La télé emet un son que je trouve assourdi mais qui semble-t-il est toujours trop fort pour mes voisins. Les émissions aussi ont perdu leur éclat. Je m'endors devant qu'elles soient potentiellement intéressantes ou non. L'ennui est mon quotidien.

Mon seul plaisir, qui vient le briser est l'appel de ma pharmacienne, une fois par semaine qui me demande à quelle heure elle peut passer pour me délivrer le petit sachet en papier craft. Médicaments. Ce mot symbolise pour beaucoup, le fait d'aller mieux, d'être soigné. A moi, il ne me dit rien qui vaille. Chaque médicament est là pour contrecarrer les effets secondaires du précédent. Mais l'infirmière passe pour vérifier que je les prends. Je l'aime bien, mais elle me parle avec une voix si forte! C'est pour que je l'entende, mais elle en perd toute intonation naturelle. Elle veut m'apporter du réconfort mais j'ai à chaque fois l'impression qu'elle souhaite me vendre des poissons.

Salon, cuisine. Cuisine, toilettes. Toilettes salon. Cet endroit est ma prison.

Tout est organisé pour que je ne puisse en sortir.

Ce quatrième étage sans ascenceur en premier lieu. Cela ne me dérangeait pas outre mesure auparavant. Il y a combien de temps que cela me gêne d'ailleurs? Je ne saurais le dire. Les distances, le temps, tout est transformé quand on vieillit.

Tout ce quotidien m'aurait fait sombrer s'il n'y avait la petite jeune du 3e.

Elle prend de mes nouvelles tous les jours de la semaine. Elle a ce regard qui ne me transperce pas mais m'enveloppe et me sécurise.

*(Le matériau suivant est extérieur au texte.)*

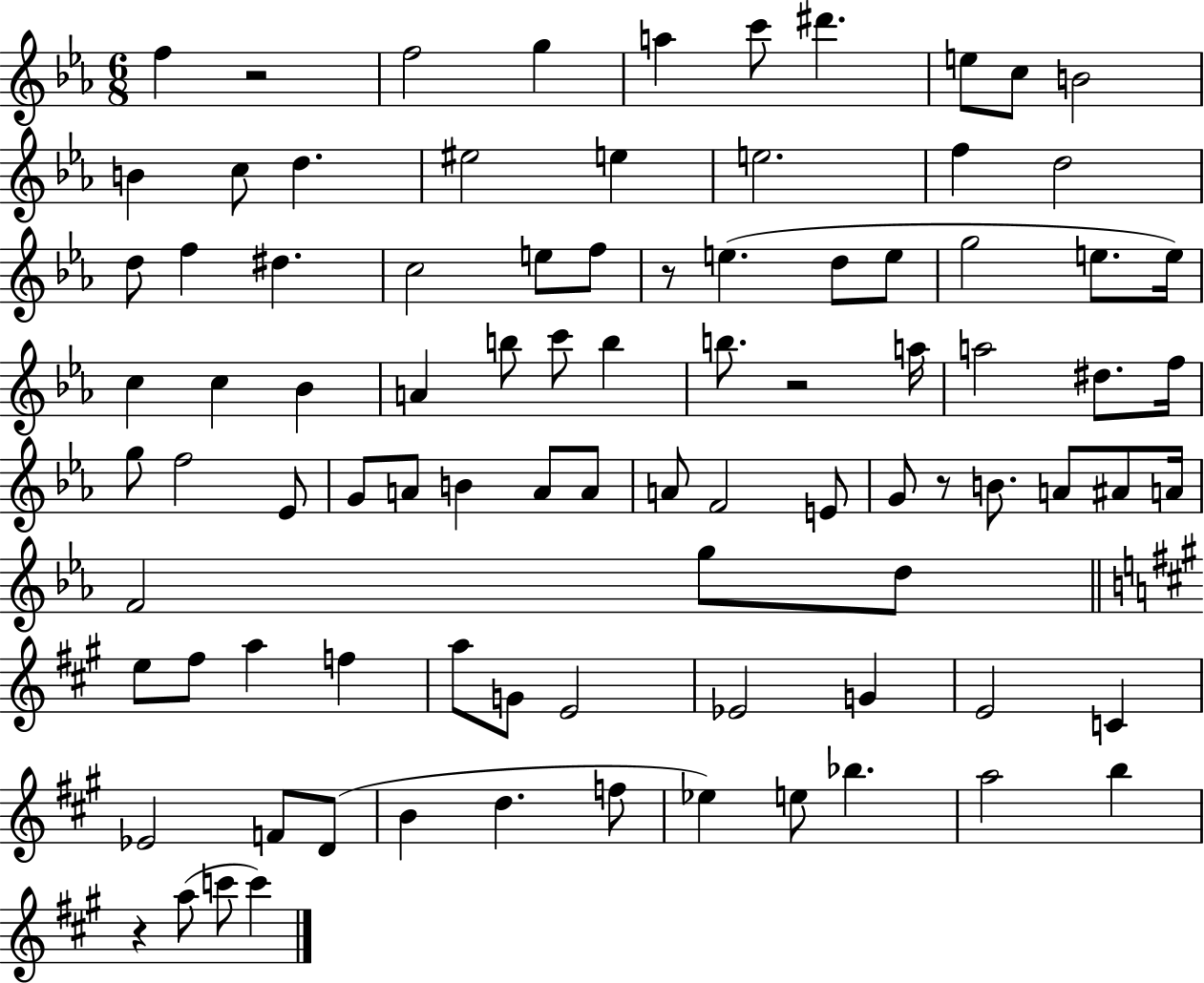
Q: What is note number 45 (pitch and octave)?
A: G4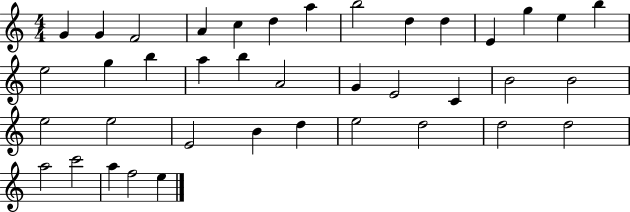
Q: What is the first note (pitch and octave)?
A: G4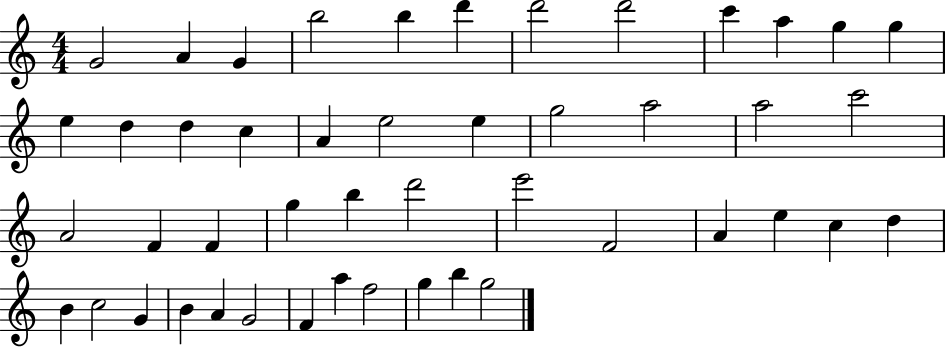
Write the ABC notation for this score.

Elle me ramène mes courses quand mon réfrigérateur est vide. Elle se pose régulièrement avec moi et me parle. D'une voix normale. Je n'entends rien bien sûr mais le naturel de son visage vaut plus que toutes les conversations artificielles qui me sont proposées chaque semaine.

Elle me prend la main, la petite jeune du 3e, et ce contact me rend mon importance, confirme mon identité.

Elle s'inquiète la petite jeune du 3e, elle n'aime pas ne pas avoir de mes nouvelles pendant trop longtemps.

Elle est seule la petite jeune du 3e. Ne le dites pas, mais je crois que ça la pèse. Mais il n'y a pas à s'inquiéter car si elle est là pour moi, de mon côté, je suis là pour elle moi, la petite vieille du 4e.